If you own and run your own business, you’ve dedicated your life to building up your company to be as efficient and as profitable as it can be. There are a lot of important decisions you have to make as the leader of your company, and sometimes you can’t hope to make the all of the right decisions all of the time. One of the most important factors in your company’s success and profitability is how it is structured. The amount you pay in taxes and the benefits your company receives are dependent on the way your company is organized.
What is LLP?
One of the most common company structures is the LLP, which you’ve probably seen before, usually after a company’s name. LLP stands for “Limited Liability Partnership,” and confers some corporation-like benefits on a partnership. Because it offers the partners or owners limited liability, the LLP confers a degree of protection from the actions of other partners.
The Benefits of the LLP
The primary benefit conferred by the LLP is that of limited liability, which protects partners from being responsible for the actions of other partners. Limited liability is one of the traditional advantages of the corporation. Unlike a corporation, though, in which stock holders must elect a board of directors to run the company, a limited liability partnership allows for direct control by the owning partners.
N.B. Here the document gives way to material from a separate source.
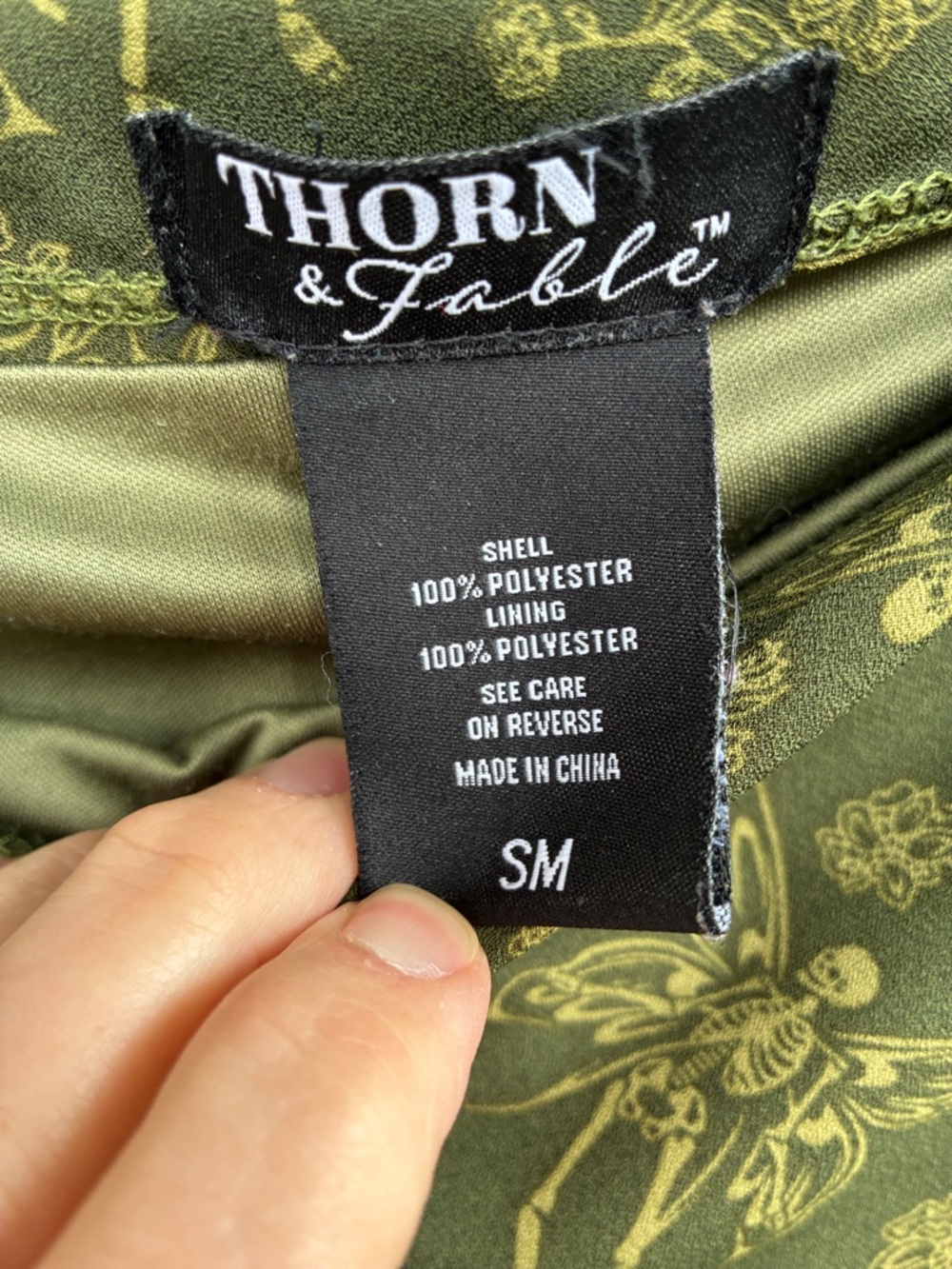 Thorn & Fable Olive Green Asymmetrical Skirt with winged skeletons & flowers - Picture 3 of 8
To clarify, the concept of limited liability means that the company’s investors (in this case, the partners running the company) are not responsible for the entire value of their company’s debts, only their investment in the company. Additionally, it protects a partner from the impropriety of other partners. For example, if a partner has been secretly embezzling money without the knowledge of the other partners, the other partners are not responsible for those crimes.
The limited liability partnership first became prominent in the American business world after the Savings and Loan crisis in Texas in the 1980s. As banks faltered, people attempted to get their money back from the law firms and accountants who had advised the banks. In order to protect these people from the possibility of personal bankruptcy, the government helped organize these firms into limited-liability partnerships which afforded them a degree of protection from litigation.